For many developers I bet JavaScript was the first language they used
functional programming in. In the classical, recognizable sense this is
true with features like Array.prototype.map
, Array.prototype.reduce
, and
the like, but it's commonly used at the basic level of a function being passed
around as a first-class object. Without really being clued in to what
functional programming is, people will learn some of the event processing
facilities useful for web development. the window "load" event and button
"click" event are common examples of events beginners learn about early on.
JavaScript is also a lot of people's introduction to reflective programming, which is really so accessible in JavaScript that a lot of people don't really think of it too much when doing it, at least at first.
Perhaps the most interesting feature of JavaScript is the prototype-based object model JavaScript uses. It's the only popular modern language to go this route, but it works for it. Especially considering how ubiquitous class-based object-oriented became on server-side langauges during JavaScript's lifetime this is impressive. Prototype-based object-oriented puts a lot more emphasis on objects than class-based, which to me makes it perhaps the model that deserves the name object-oriented more. The ability to create one-off objects with the option to add any and all desired properties at any time has been used extensively on the web by many JavaScript libraries.

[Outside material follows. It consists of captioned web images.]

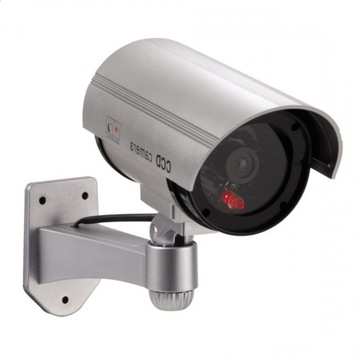 ATRAPA KAMERY TUBOWEJ CCD LED SREBRNA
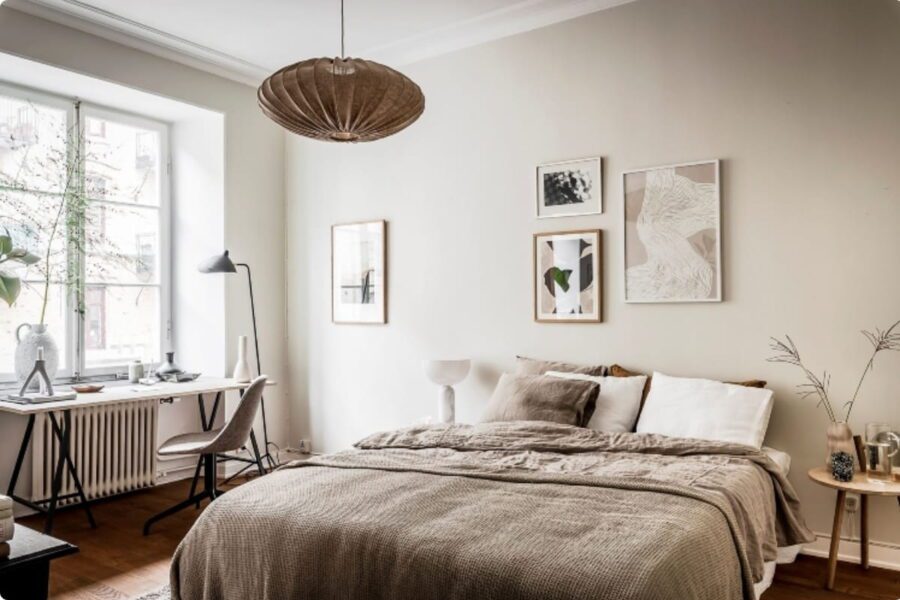 Mẫu thi công phòng ngủ chung cư 70m2 phong cách scandinavian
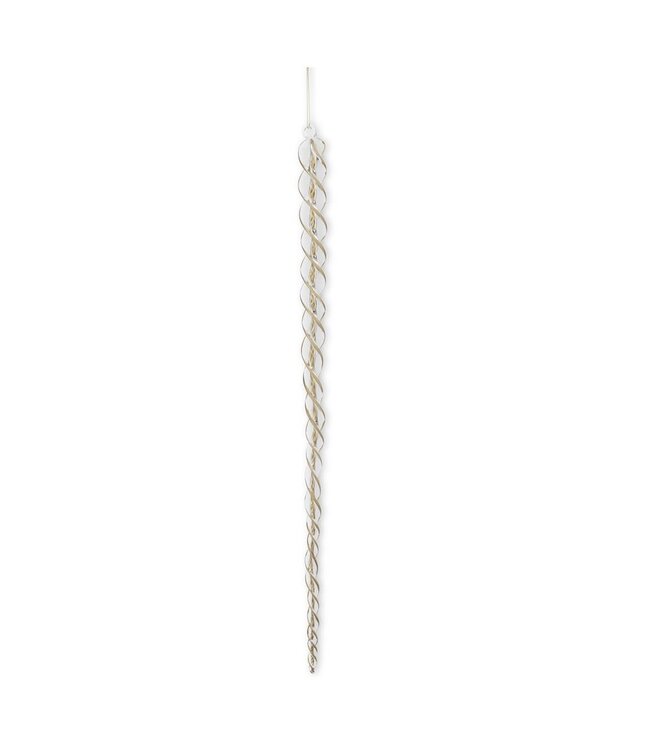 K&K Interiors Gold & Clear Glass Flat Spiral Icicle Ornament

There are downsides to JavaScript's object model being different to the main competing concept. Most notably that users coming from class-based languages often have trouble figuring out how JavaScript objects and constructors work. JavaScript classes are I guess a response to this, and also provide a way to make things such as HTMLElement extensible, as they aren't really JS objects. Additionally, probably because of the bracket notation for accessing properties, people will create an object where semantically they are really trying to use an associative container such as JavaScript's Map, and I've had trouble explaining to even some relatively senior developers that the JavaScript object doesn't necessarily have the same performance expenctations as a proper Map.

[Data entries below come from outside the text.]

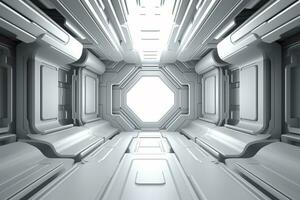 Gray futuristic technology style template background, AI Generative photo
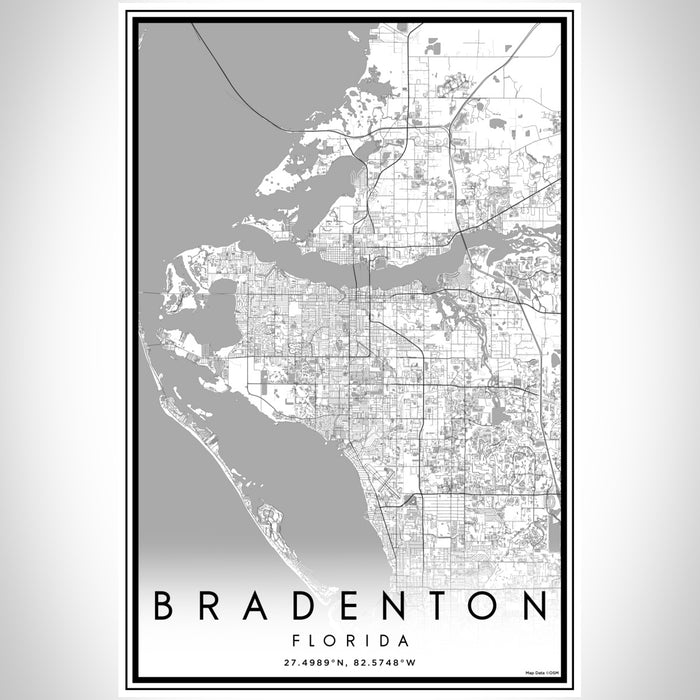Bradenton Florida Map Print Portrait Orientation in Classic Style With Shaded Background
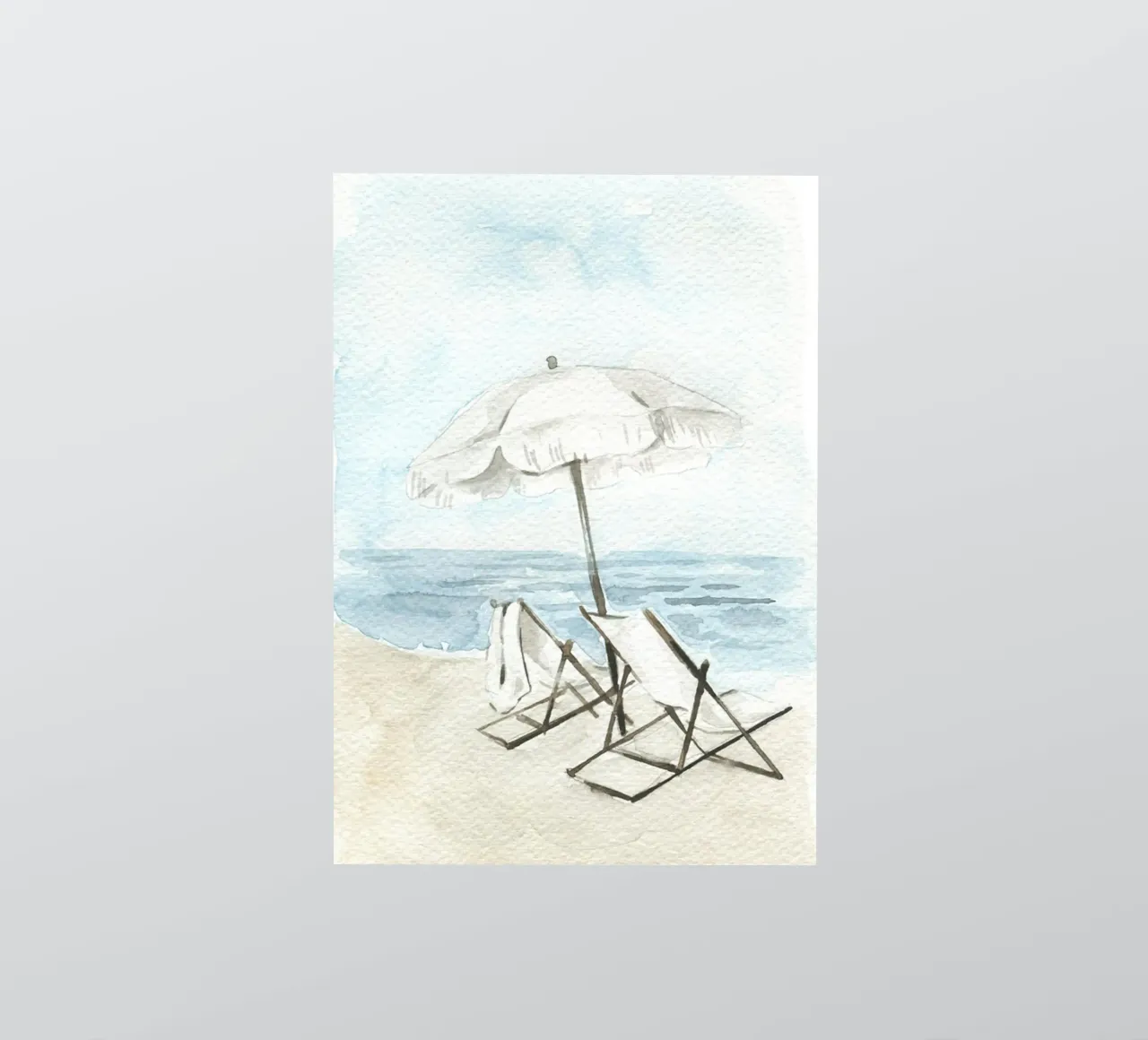 Coastal Chic Watercolor - Beach Chairs & Umbrella Serenity sticker by NorwesClub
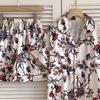 Kinesisk Klassisk Tuschmålning Blommönster Dam Pyjamas Elegant Gammal Stil Estetiska Nattkläder Sommar Lounges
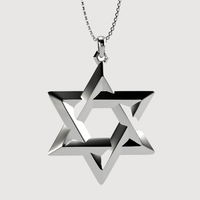 A 14k Gold Star of David Pendant with a modern, interlocking design hangs from a delicate chain on a light gray background—a striking piece of Jewish jewelry blending tradition with contemporary elegance.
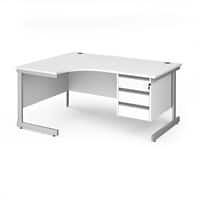 Dams International Left Hand Ergonomic Desk with 3 Lockable Drawers Pedestal and White MFC Top with Silver Frame Cantilever Legs Contract 25 1600 x 1200 x 725 mm
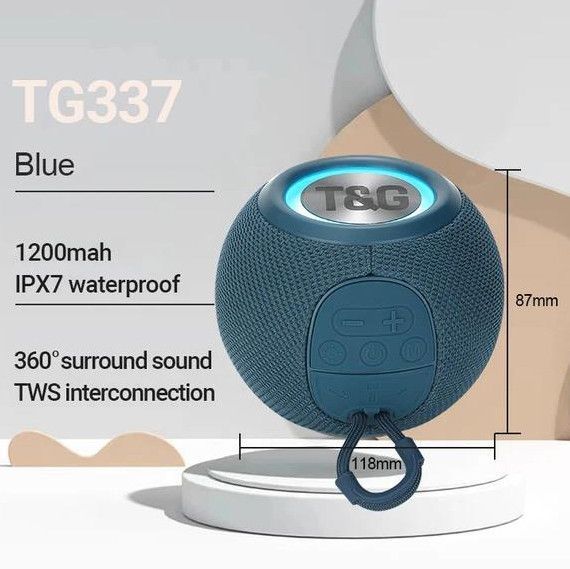 Bluetooth-колонка TG337 з RGB ПІДСВІТКОМ, speakerphone, радіо 10040 фото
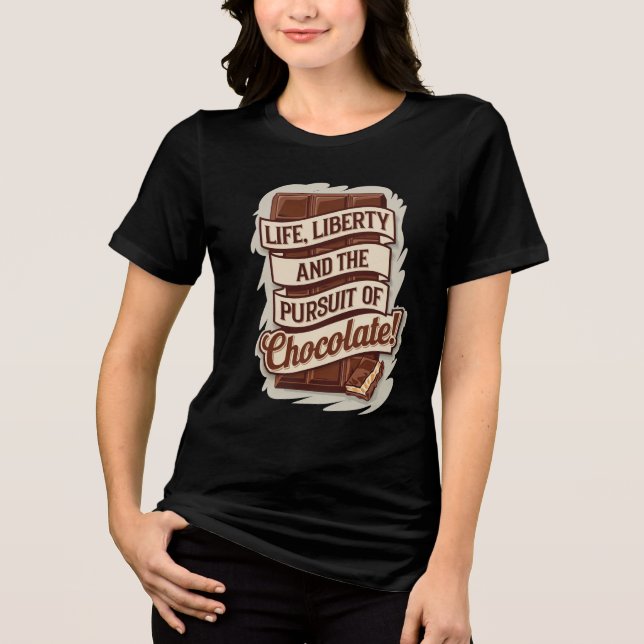 Life Liberty Chocolate Tri-Blend Shirt (Front)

Given the above it might be fair to say there are a lot of developers who work with JavaScript but don't fully understand JavaScript. Developers from all backgrounds too, as colleges with computer science programs seem to invariably begin with class-based object-oriented languages and don't really go into how JavaScript is different in say, a programming languages course. If even these people that we consider trained, professional developers don't get it, are we at risk for losing the sense of what defines JavaScript?